4.2 In-class example

// In-class operator
class SubClass1;
struct BaseClass {
  template <typename T>
  void* operator new(std::type_identity<T>, std::size_t, std::align_val_t); // (1)
  void* operator new(std::type_identity<SubClass1>, std::size_t, std::align_val_t); // (2)
};

struct SubClass1 : BaseClass { };
struct SubClass2 : BaseClass { };
struct SubClass3 : BaseClass {
  void *operator new(std::size_t); // (3)
};
struct SubClass4 : BaseClass {
  template <typename T>
  void *operator new(std::type_identity<T>, std::size_t, std::align_val_t); // (4)
};

void f() {
  new BaseClass;         // calls (1) with T=BaseClass
  new SubClass1();       // calls (2)
  new SubClass2();       // calls (1) with T=SubClass2
  new SubClass3();       // calls (3)
  new SubClass4();       // calls (4) with T=SubClass4
  ::new BaseClass();     // ignores in-class operators and uses appropriate global operator
}

4.3 Operator suppression example

There are many cases where projects may not want types to be allocated and deallocated via new and delete operators. Doing so today requires injecting operators into the relevant types, which often results in extensive use of macros. This proposal allows constraint based selection of target types, and as such can be leveraged to specify deleted operators, and so automatically prevent their use e.g.

template <typename T> concept SelectionConstraint = ...;
template <SelectionConstraint T> void *operator new(std::type_identity<T>, std::size_t, std::align_val_t) = delete;
[. . .]
template <SelectionConstraint T> void operator delete(std::type_identity<T>, void *, std::size_t, std::align_val_t) = delete;
[. . .]

4.4 Template type allocation example

The template arguments to a type aware operator new or delete are not required to be directly applied to std::type_identity, but are simply available for usual template deduction, so a type aware allocation function can be defined to operate over a template type, e.g.

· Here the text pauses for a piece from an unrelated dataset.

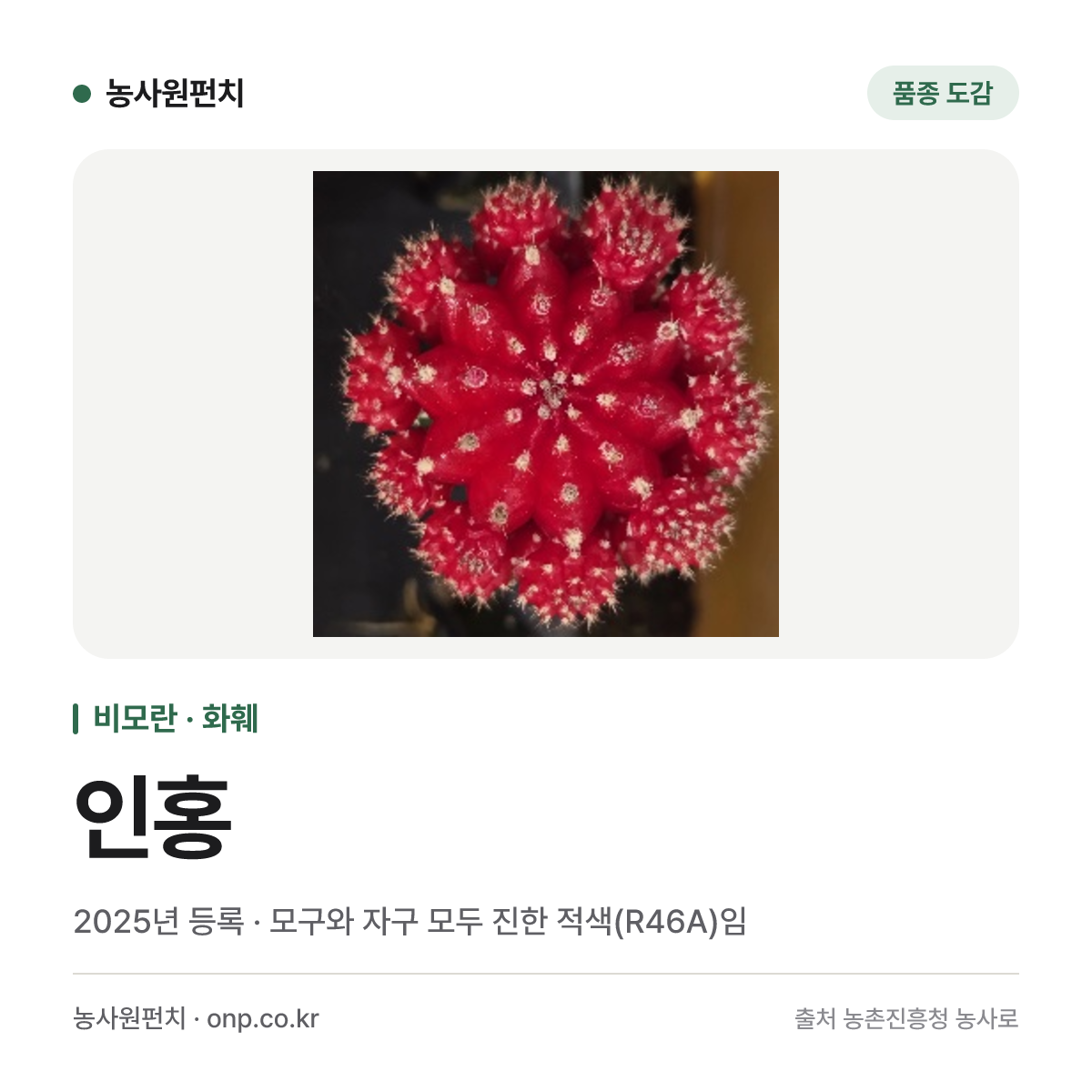 인홍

template <typename T, int N>
struct MyArrayType {
  // …
};
template <typename T, int N>
void *operator new(std::type_identity<MyArrayType<T, N>>, size_t, std::align_val_t, ...) {
  // …
}
// …
// calls the above operator new<int, 5>(std::type_identity<MyArrayType<int, 5>>, ...)
auto A = new MyArrayType<int, 5>;

4.5 Allocation and deallocation function declarations

Like basic type-aware allocation and deallocation functions, type-aware functions can only be declared in a class scope or the global scope. One additional constraint that is placed on type-aware declarations is that any scope that contains a type-aware operator new or operator new[] must also contain a corresponding operator delete or operator delete[], and vice versa. It is not required that both be type-aware, but if either is, then both allocation and deallocation functions must belong to the same scope. This reduces the chance of unintentional use of operator delete and new from mismatching allocation interfaces.

Declarations of type-aware allocation functions require the declarations of both operator new and delete to include all existing optional allocation function parameters, e.g. a type-aware operator new or new[] must have at least three parameters: std::type_identity<U>, std::size_t, and std::align_val_t. Similarly, an operator delete or delete[] has at least four parameters: std::type_identity<U>, void *, std::size_t, and std::align_val_t.

Placement parameters are permitted for type-aware allocation functions, and behave identically to those of basic allocation functions with two contained behavioral changes. The first is concerned with how the allocation function is selected for a given new-expression. If the first placement argument is of type std::align_val_t, then the implicit alignment argument is suppressed.

The second change removes the leak hazard present in the existing allocation logic. Currently, when a matching deallocation function is selected to release the allocated memory in a case constructor throws an exception, it is not an error to find more than one deallocation function or to find none. In such case no deallocation function is selected, and the memory is leaked. Now, if the object was allocated with a type-aware allocation function, the program is ill-formed if a matching deallocation function cannot be selected.

5 Design choices and notes

5.1 Design choice: Allowing type aware allocation functions in constant expressions

In the current specification it is not possible for an author to specify a constexpr operator new or operator delete. Instead, using a new-expression or a delete-expression in a constexpr context requires that the resolved operator be ::operator new / ::operator delete, and the compiler elides the call entirely. In particular, if an in-class T::operator new is defined and the new-expression resolves to it, the new-expression is not constexpr-friendly. That seems to be an arbitrary limitation.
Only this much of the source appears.